### TASK REQUIREMENTS
Each record should appear again in the response exactly as it does in the original.
DATA SUPPLIED: Begin
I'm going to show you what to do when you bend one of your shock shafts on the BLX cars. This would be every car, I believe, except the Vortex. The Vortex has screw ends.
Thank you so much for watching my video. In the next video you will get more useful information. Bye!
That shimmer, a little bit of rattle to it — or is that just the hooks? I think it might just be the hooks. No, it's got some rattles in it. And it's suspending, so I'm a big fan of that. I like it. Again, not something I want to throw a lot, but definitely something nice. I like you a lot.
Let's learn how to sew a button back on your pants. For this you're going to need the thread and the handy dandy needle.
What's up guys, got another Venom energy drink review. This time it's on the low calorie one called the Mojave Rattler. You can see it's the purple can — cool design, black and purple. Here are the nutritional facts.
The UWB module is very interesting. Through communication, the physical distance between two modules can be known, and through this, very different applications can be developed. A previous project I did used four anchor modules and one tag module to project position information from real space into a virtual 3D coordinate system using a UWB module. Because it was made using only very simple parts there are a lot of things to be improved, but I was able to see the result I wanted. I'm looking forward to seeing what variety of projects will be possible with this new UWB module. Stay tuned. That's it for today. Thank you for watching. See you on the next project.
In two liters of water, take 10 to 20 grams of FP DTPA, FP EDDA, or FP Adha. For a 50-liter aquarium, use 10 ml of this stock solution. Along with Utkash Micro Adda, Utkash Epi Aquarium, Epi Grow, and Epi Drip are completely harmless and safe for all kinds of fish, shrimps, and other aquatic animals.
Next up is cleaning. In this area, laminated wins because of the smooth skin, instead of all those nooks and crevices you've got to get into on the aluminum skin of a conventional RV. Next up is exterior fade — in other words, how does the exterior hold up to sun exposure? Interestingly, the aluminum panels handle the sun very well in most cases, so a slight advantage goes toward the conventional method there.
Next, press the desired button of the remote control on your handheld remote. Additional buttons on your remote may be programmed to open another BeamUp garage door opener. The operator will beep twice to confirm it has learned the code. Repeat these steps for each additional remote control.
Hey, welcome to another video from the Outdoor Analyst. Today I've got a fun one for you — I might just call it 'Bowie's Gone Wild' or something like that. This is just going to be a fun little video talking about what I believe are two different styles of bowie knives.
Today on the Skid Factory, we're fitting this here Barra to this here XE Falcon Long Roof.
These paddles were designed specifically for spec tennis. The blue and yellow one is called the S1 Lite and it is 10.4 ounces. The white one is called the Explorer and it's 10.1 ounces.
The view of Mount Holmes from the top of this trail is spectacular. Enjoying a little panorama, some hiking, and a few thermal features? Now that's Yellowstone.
DATA SUPPLIED: End
### TASK OUTPUT
I'm going to show you what to do when you bend one of your shock shafts on the BLX cars. This would be every car, I believe, except the Vortex. The Vortex has screw ends.
Thank you so much for watching my video. In the next video you will get more useful information. Bye!
That shimmer, a little bit of rattle to it — or is that just the hooks? I think it might just be the hooks. No, it's got some rattles in it. And it's suspending, so I'm a big fan of that. I like it. Again, not something I want to throw a lot, but definitely something nice. I like you a lot.
Let's learn how to sew a button back on your pants. For this you're going to need the thread and the handy dandy needle.
What's up guys, got another Venom energy drink review. This time it's on the low calorie one called the Mojave Rattler. You can see it's the purple can — cool design, black and purple. Here are the nutritional facts.
The UWB module is very interesting. Through communication, the physical distance between two modules can be known, and through this, very different applications can be developed. A previous project I did used four anchor modules and one tag module to project position information from real space into a virtual 3D coordinate system using a UWB module. Because it was made using only very simple parts there are a lot of things to be improved, but I was able to see the result I wanted. I'm looking forward to seeing what variety of projects will be possible with this new UWB module. Stay tuned. That's it for today. Thank you for watching. See you on the next project.
In two liters of water, take 10 to 20 grams of FP DTPA, FP EDDA, or FP Adha. For a 50-liter aquarium, use 10 ml of this stock solution. Along with Utkash Micro Adda, Utkash Epi Aquarium, Epi Grow, and Epi Drip are completely harmless and safe for all kinds of fish, shrimps, and other aquatic animals.
Next up is cleaning. In this area, laminated wins because of the smooth skin, instead of all those nooks and crevices you've got to get into on the aluminum skin of a conventional RV. Next up is exterior fade — in other words, how does the exterior hold up to sun exposure? Interestingly, the aluminum panels handle the sun very well in most cases, so a slight advantage goes toward the conventional method there.
Next, press the desired button of the remote control on your handheld remote. Additional buttons on your remote may be programmed to open another BeamUp garage door opener. The operator will beep twice to confirm it has learned the code. Repeat these steps for each additional remote control.
Hey, welcome to another video from the Outdoor Analyst. Today I've got a fun one for you — I might just call it 'Bowie's Gone Wild' or something like that. This is just going to be a fun little video talking about what I believe are two different styles of bowie knives.
Today on the Skid Factory, we're fitting this here Barra to this here XE Falcon Long Roof.
These paddles were designed specifically for spec tennis. The blue and yellow one is called the S1 Lite and it is 10.4 ounces. The white one is called the Explorer and it's 10.1 ounces.
The view of Mount Holmes from the top of this trail is spectacular. Enjoying a little panorama, some hiking, and a few thermal features? Now that's Yellowstone.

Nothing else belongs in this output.